*Your instructions*: Below this line are records; transcribe exactly the lines between the one holding "GoodLuck โต๊ะ ชั้นวางของ" and the one holding "Tyrone Cut Skinny Fit Jeans in Black", inclusive, and omit the pictures.

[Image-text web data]
____________

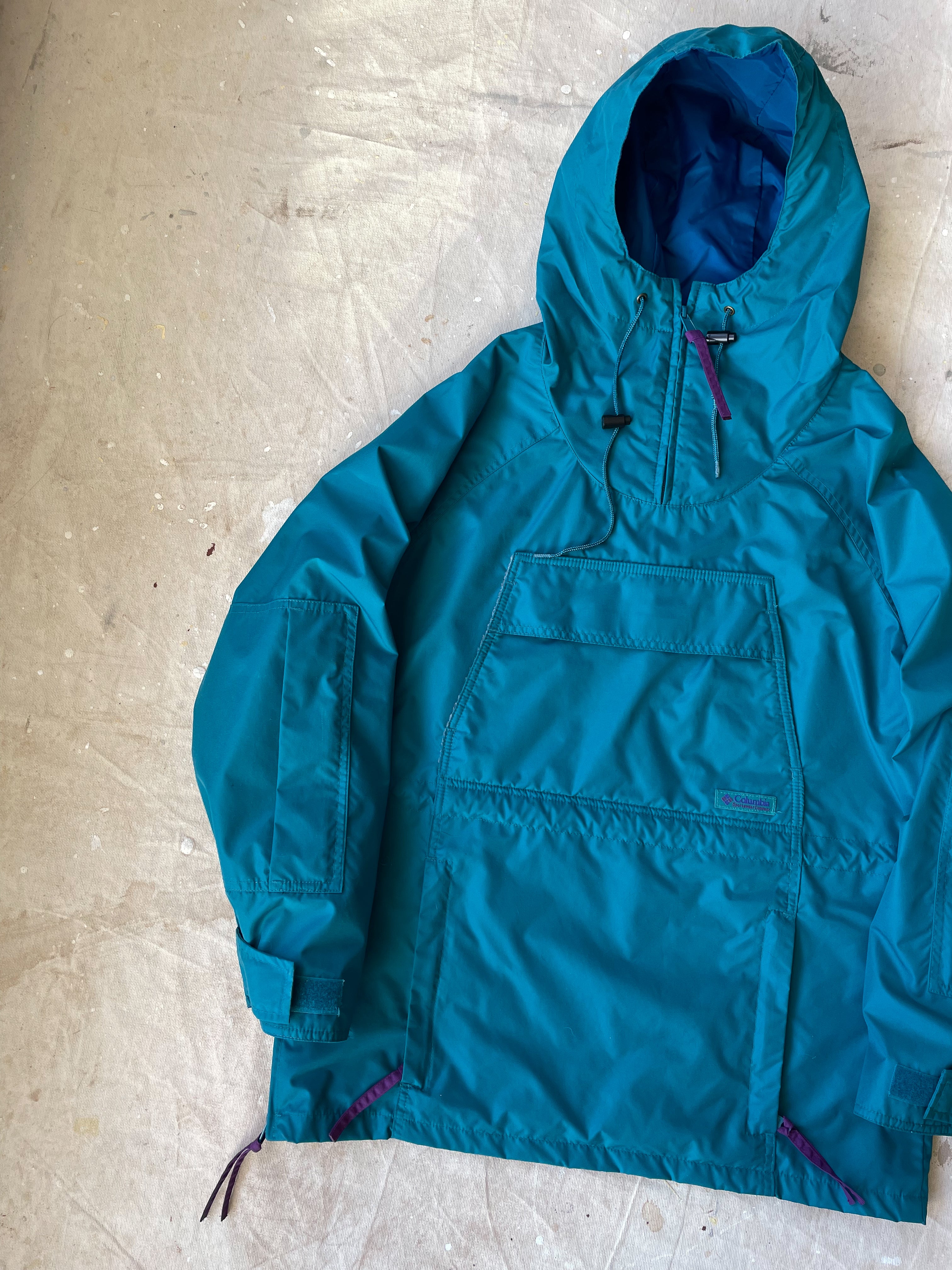 COLUMBIA ANORAK JACKET—TEAL [M] – mahshu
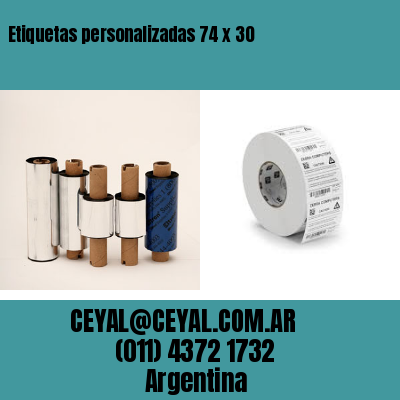 Etiquetas personalizadas 74 x 30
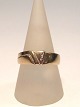 14k Herrering m. 3*0,01ct. brillanter. Str. 65½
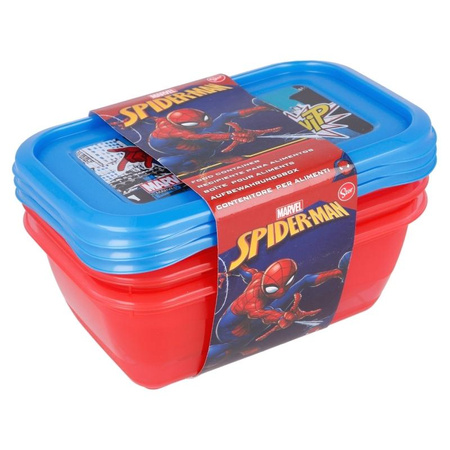 Spiderman - 540ml food container set (3pcs.)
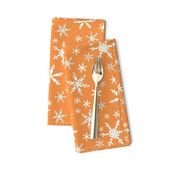 Snowflakes - Ivory, Orange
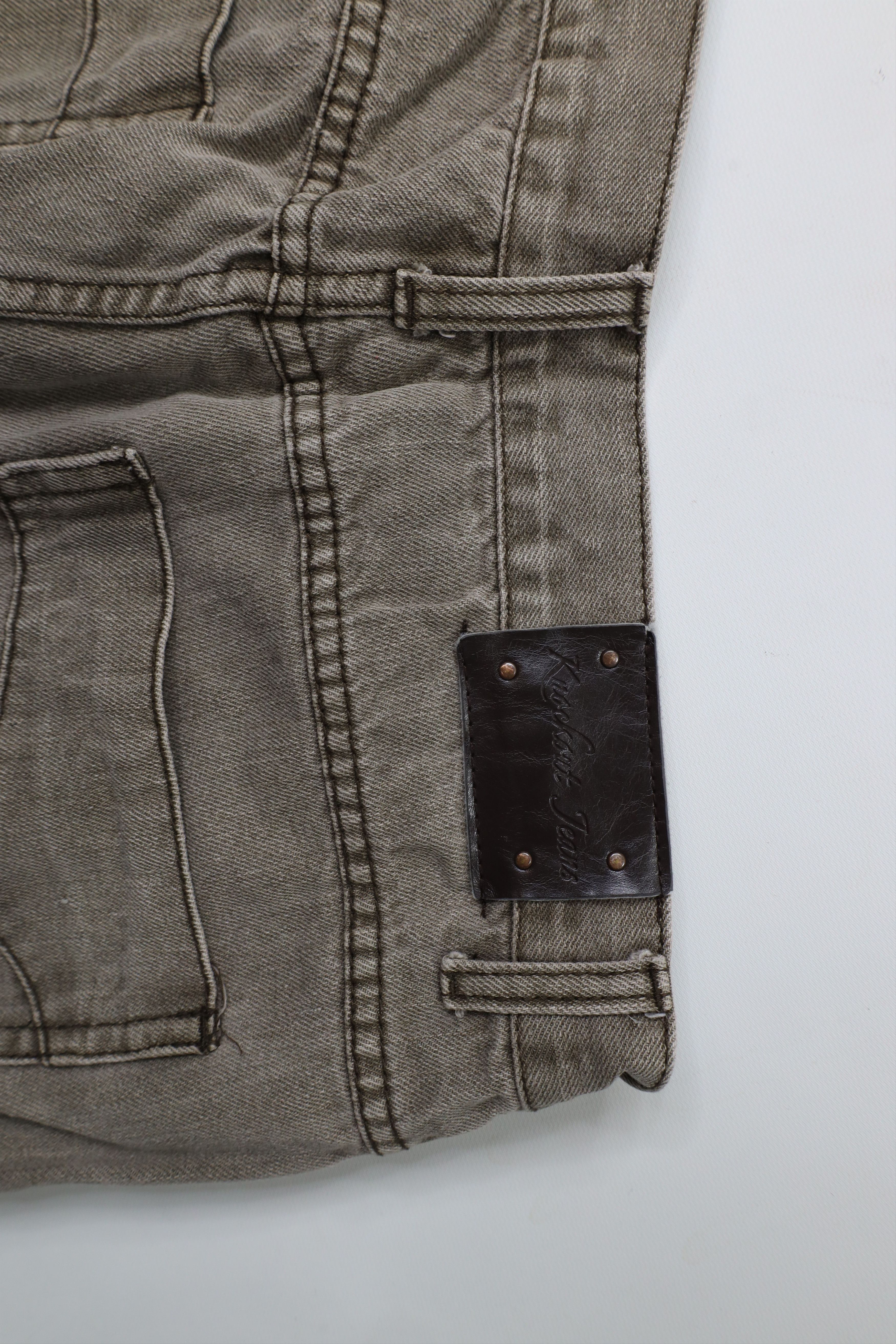 Vintage Vintage 90s Y2K Streetwear Straight Leg Denim Jeans Brown Size US 34 / EU 50 - 12 Thumbnail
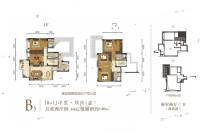 华宇旭辉锦绣花城5室2厅4卫146㎡户型图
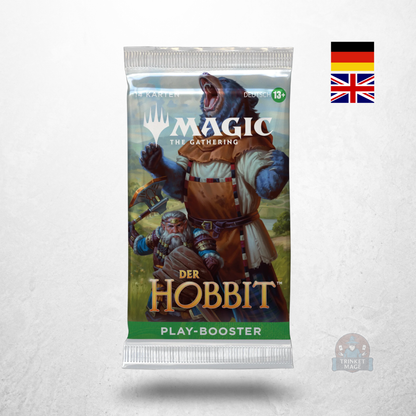 Magic: The Gathering – Der Hobbit Play Booster V2 mit Zwer und Bär auf der Vorderseite.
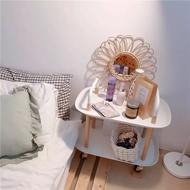 GoodLuck โต๊ะ ชั้นวางของ โต๊ะโมเดิร์น โต๊ะขาเหล็กขาว s31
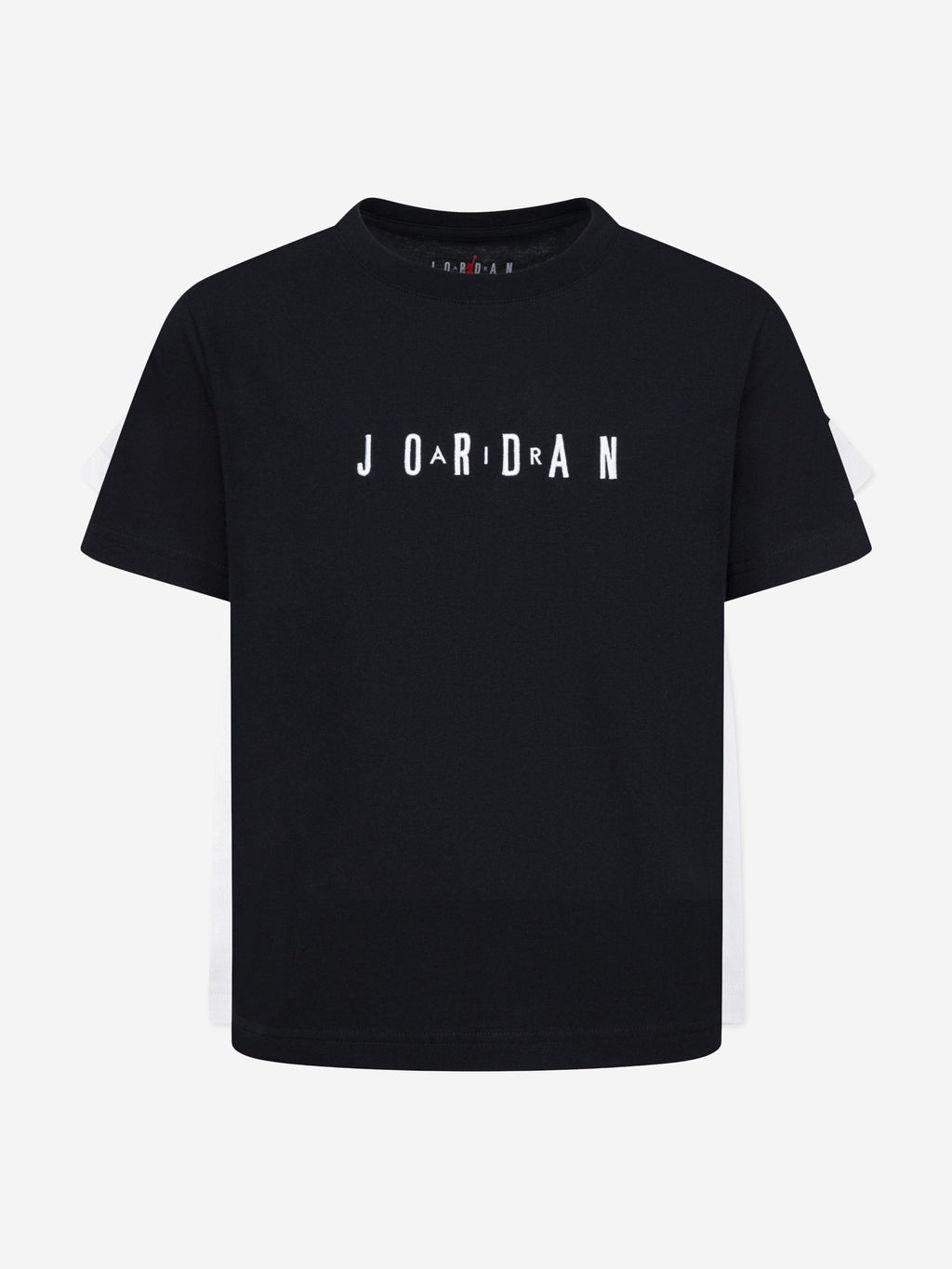Jordan Boys MJ Wordmark Embroidered T-Shirt in Black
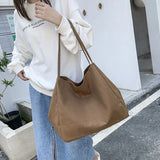Canvas Shoulder Bag Spring Schoolgirl's Handbag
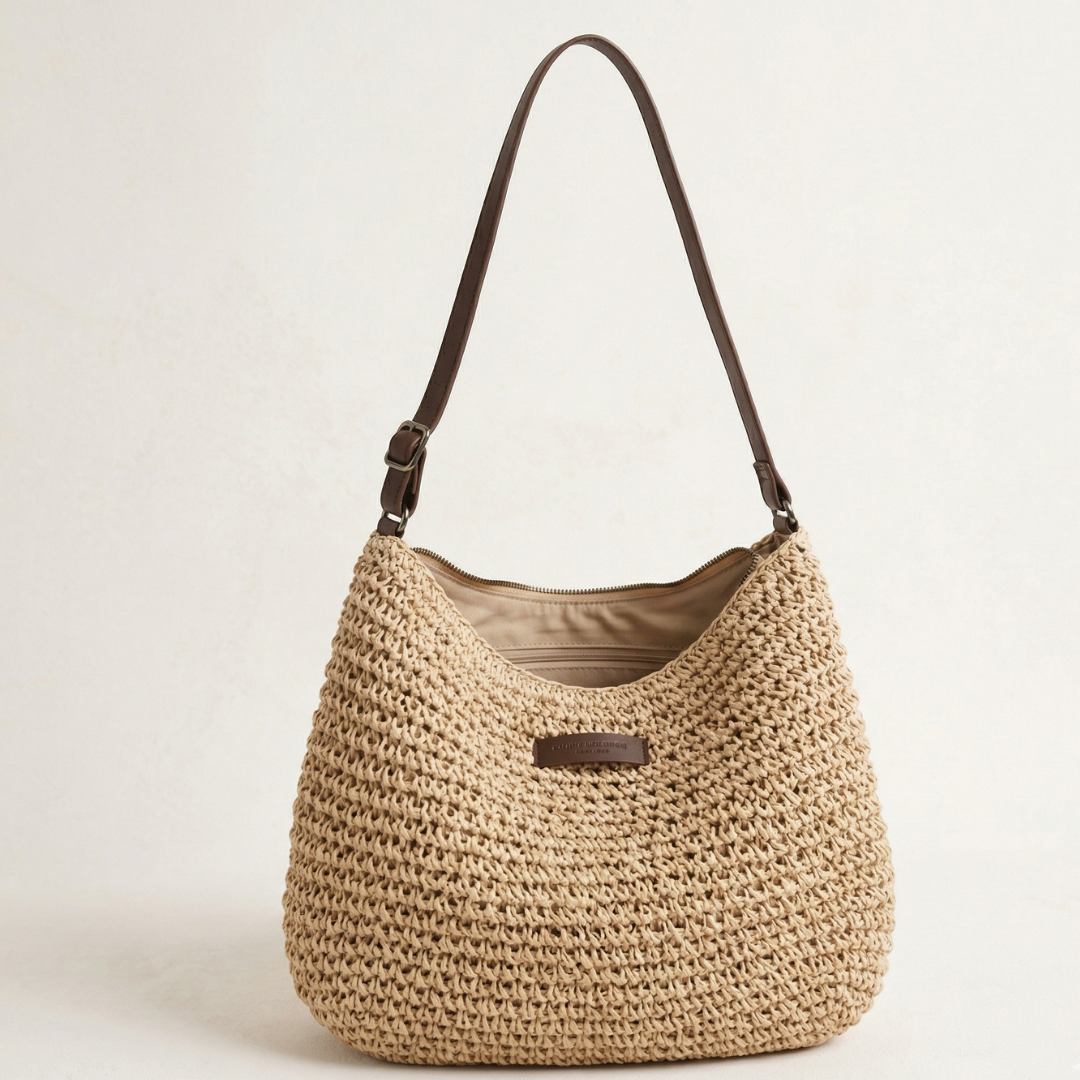 Woven Straw Shoulder Bag for Women – Can Be Worn on Shoulder or Crossbody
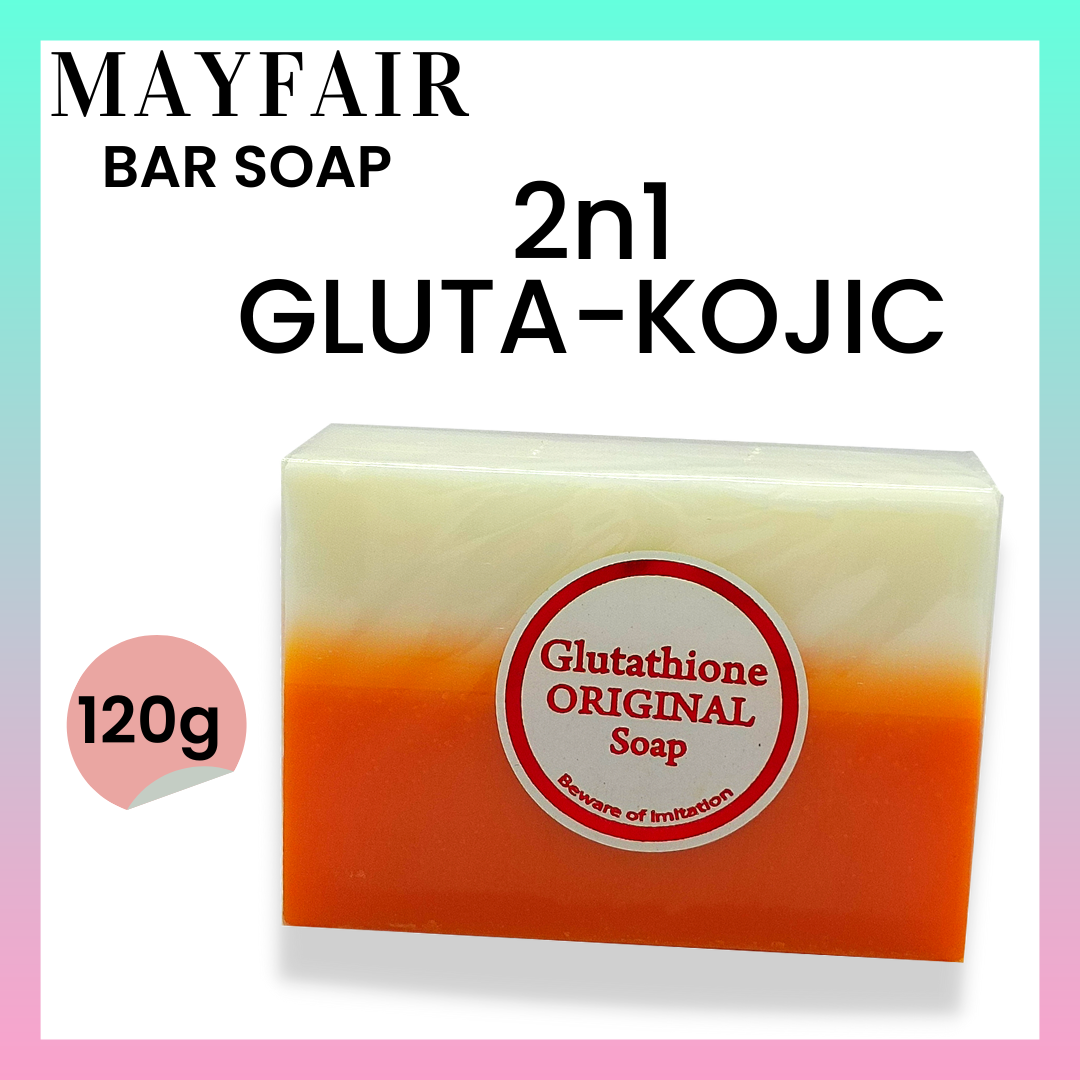 Kojic Soap Original Whitening Aging With Gluta Glutathione For Men Women By  Mayfair Round 800g 20 pieces per pack Lightening Smooth Soft Glowing  Rejuvenated Skin Mibellebeautyneeds - Lazada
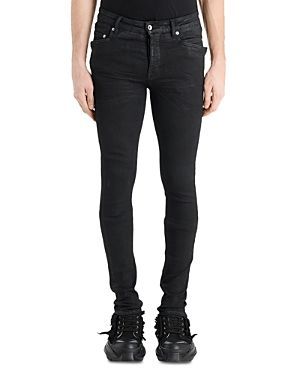 Tyrone Cut Skinny Fit Jeans in Black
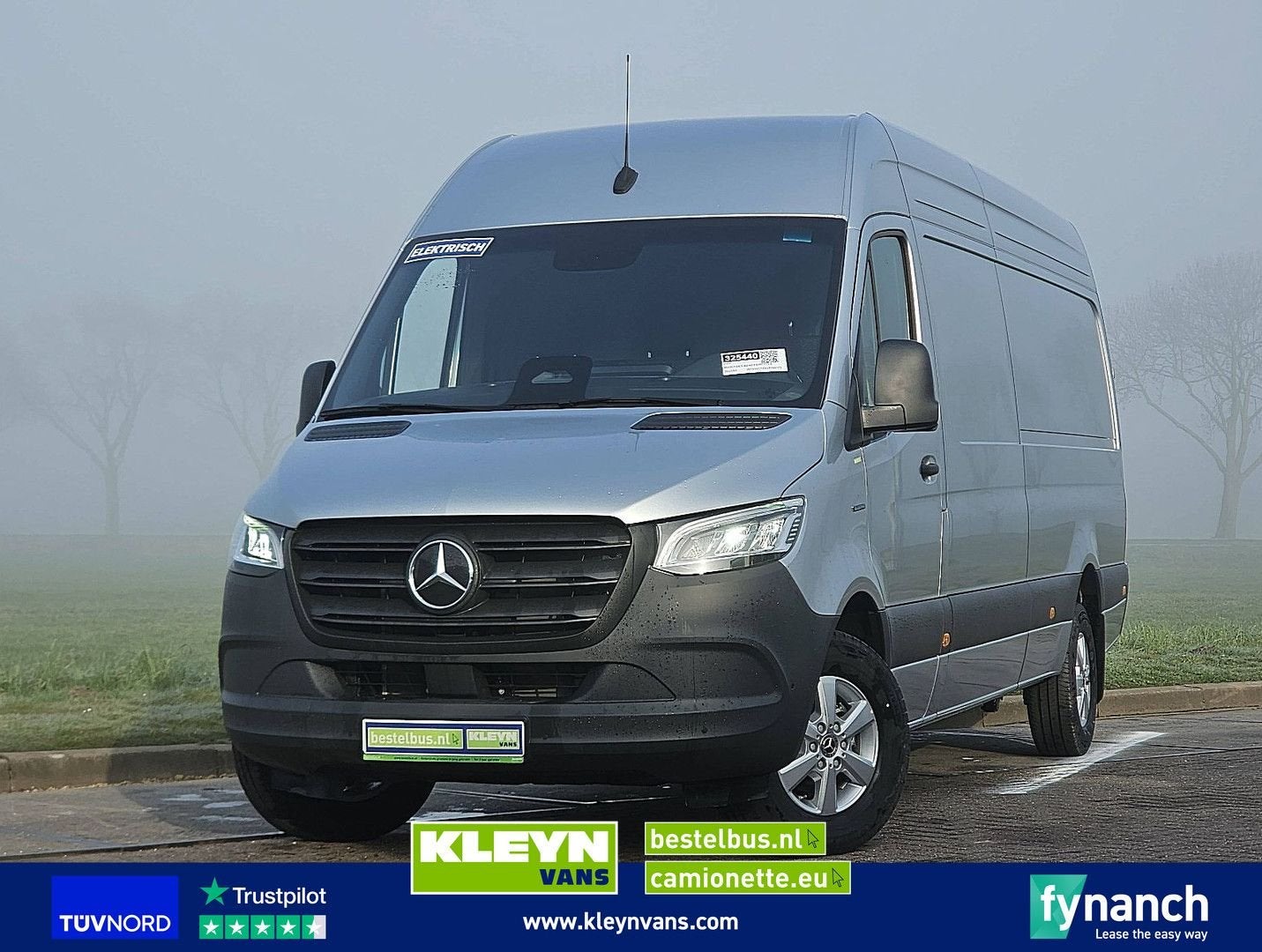 Mercedes-Benz ESPRINTER 320 81kWh 300Km WLTP, Auto's, Bestelwagens en Lichte vracht, Automaat, Mercedes-Benz, Zilver of Grijs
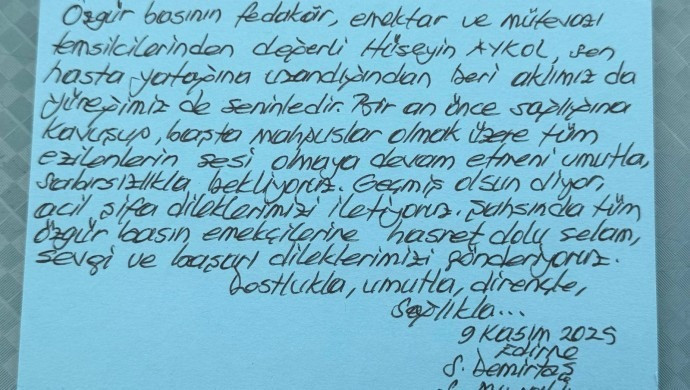 Demirtaş ve Mızraklı'dan Hüseyin Aykol'a dayanışma mesajı - Resim : 1
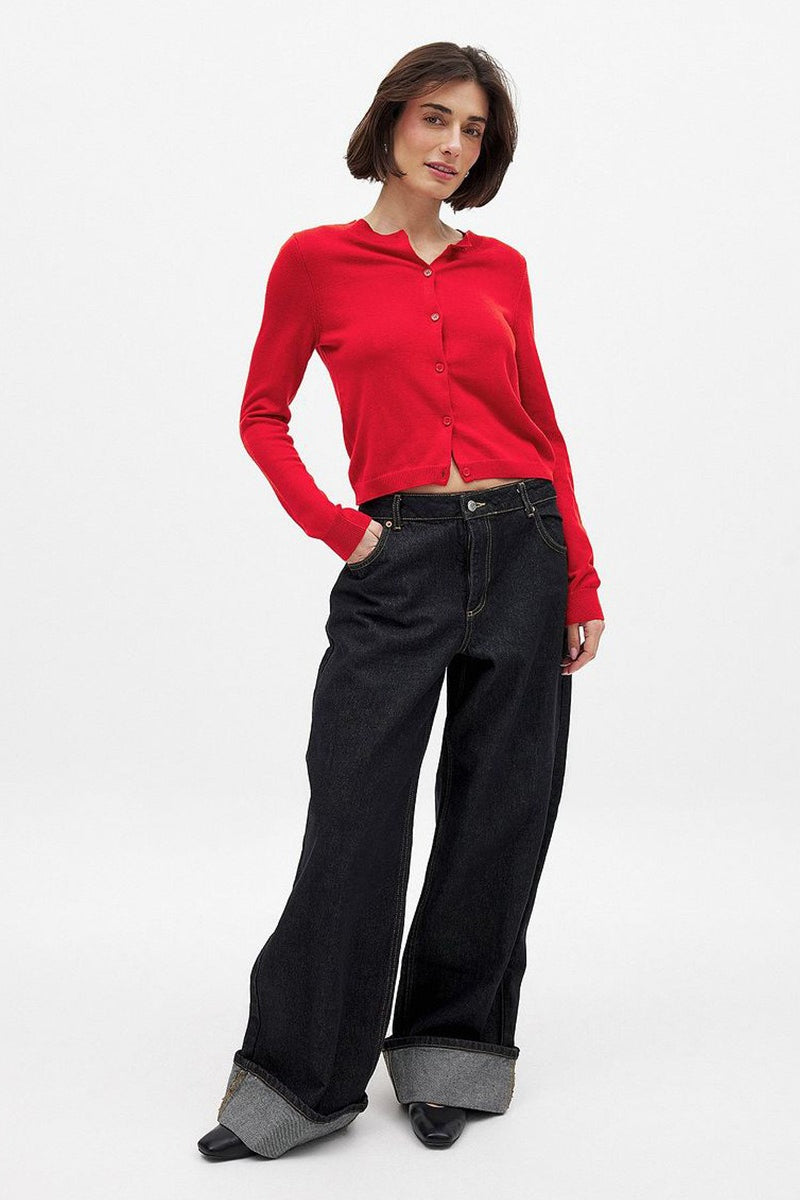 Essential Round Neck Cardigan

____________

*Your solution*:
 GoodLuck โต๊ะ ชั้นวางของ โต๊ะโมเดิร์น โต๊ะขาเหล็กขาว s31
Jordan Boys MJ Wordmark Embroidered T-Shirt in Black
Canvas Shoulder Bag Spring Schoolgirl's Handbag
 Woven Straw Shoulder Bag for Women – Can Be Worn on Shoulder or Crossbody
 Kojic Soap Original Whitening Aging With Gluta Glutathione For Men Women By  Mayfair Round 800g 20 pieces per pack Lightening Smooth Soft Glowing  Rejuvenated Skin Mibellebeautyneeds - Lazada
 Tyrone Cut Skinny Fit Jeans in Black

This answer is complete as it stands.